Ne sont pas indiquées les non-réponses.
Le tableau 7 permet de vérifier la statistique nationale qui
montrait une plus faible présence féminine dans les concerts de
musiques actuelles. Cependant, le festival Art Rock attire plus
le public feminin avec sa programmation plus orientée vers la
chanson, la danse et le théâtre qui révèle lors de l'enquête
une plus grande proportion de femmes alors que les concerts de
musique amplifiée attire plus un public masculin comme à La
Route du Rock autour de 60%.
Tableau 7 : Public d'Art Rock 96 et La Route du Rock 97 par sexe.
SEXE | ART ROCK 96 |
LA ROUTE DU ROCK 97 |
MOYENNE |
Homme | 56,84% |
61,00% |
58,92% |
Femmes | 43,16% |
39,00% |
41,08% |
TOTAL | 100,00% |
100,00% |
100,00% |
Source : Enquête sur les publics de
festivals de musiques actuelles Art Rock 96 (1033 personnes
enquêtées soit 12% du public) et la Route du Rock 97 (1164
personnes soit 10% du public).
Il est intéressant d'étudier également la mobilité du public des festivals Art
Rock et La Route du Rock qui est complètement différente (cf tableau 8).

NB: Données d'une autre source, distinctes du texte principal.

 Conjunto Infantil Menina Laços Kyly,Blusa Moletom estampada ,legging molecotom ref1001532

Dans
le cas d'Art Rock, le public est essentiellement local puisque la moitié réside
à moins de 10 km et 68% à moins de 40 km (cf. carte 2 - 110K), le public breton représentant 93% du total alors que
dans le cas La Route du Rock, on constate une grande mobilité du public puisqu'il
y a plus de 92% du public qui réside dans une commune à plus de 40 km de Saint-Malo
(cf. carte 3 - 146k) avec la quasi totalité des départements représentés contrairement
à Art Rock (cf. carte 1 - 86k). La part du public originaire de Bretagne est de 42% et
seulement 5% habite à moins de 10km du festival.

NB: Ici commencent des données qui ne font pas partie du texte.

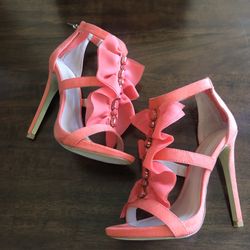 Bebe Coral Ruffle Chiffon Heels Size 5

Cette différence ne peut pas s'expliquer par une différence de
taille de population car dans un rayon de 20km autour des deux
festivals on atteint le même nombre d'habitants (environ
140000). Ceci renforce l'idée que les publics de musiques
actuelles ne sont pas identique. La logique de la proximité
géographie n'est pas toujours vérifiée. A Saint-Malo, le
phénomène festival d'été peut éventuellement expliquer en
partie cette énorme différence mais il reste d'autres facteurs
d'explication notamment dans le choix artistique et la couverture
médiatique.
Tableau 8 : Public d'Art Rock 96 et La Route du Rock 97 par régions.

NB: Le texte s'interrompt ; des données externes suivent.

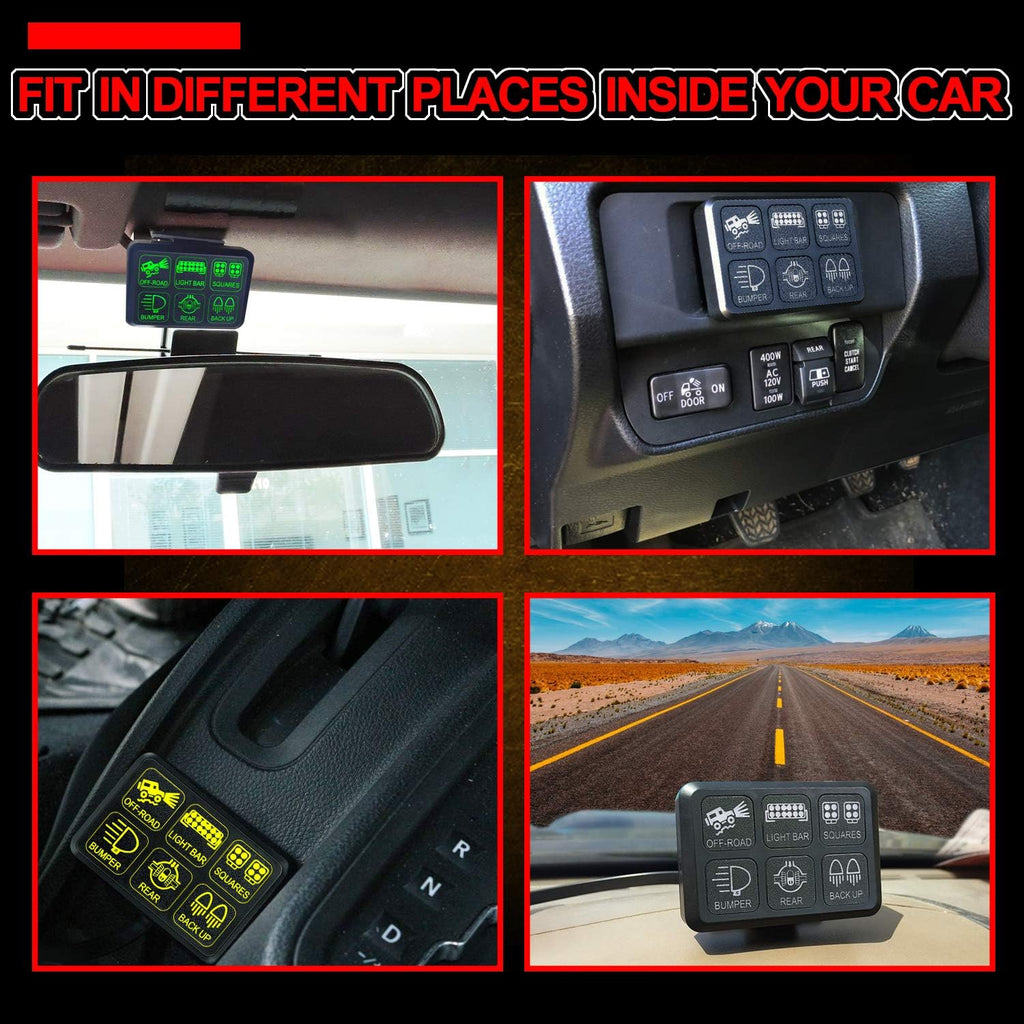 6 Gang Switch Panel with Label Stickers C65107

CLASSE D'AGE | ART ROCK 96 |
LA ROUTE DU ROCK 97 |
Bretagne | 93,63% |
42,63% |
< 10 km du festival |
49,20% |
4,42% |
de 10 à 20 km |
10,16% |
1,89% |
de 20 à 40 km |
8,61% |
1,50% |
sous total de 0 à 40 km |
67,97% |
7,81 |
Pays de Loire | 2,60% |
12,76% |
Basse - Normandie | 0,77% |
10,08% |
Ile de France | 1,26% |
13,37% |
Reste de la France | 1,35% |
20,78% |
Etrangers | 0,39% |
0,38% |
TOTAL | 100,00% |
100,00% |
Source : Enquête sur les publics de
festivals de musiques actuelles Art Rock 96 (1033 personnes
enquêtées soit 12% du public) et la Route du Rock 97 (1164
personnes soit 10% du public).
Pour 61% du public (tableau 9), il s'agissait de leur première
Route du Rock et pour 35% d'entre eux, les plus jeunes notamment,
c'était également leur premier festival... Dans le cas d'Art
Rock, le public pour qui s'est la première édition représente
seulement 28%. La différence peut s'expliquer par le fait qu'il
s'agisse d'un festival qui existe déjà depuis 15 ans et qui a
su se faire un public d'habitués qui vient à une saison moins
propice (37% du public vient au moins depuis trois ans).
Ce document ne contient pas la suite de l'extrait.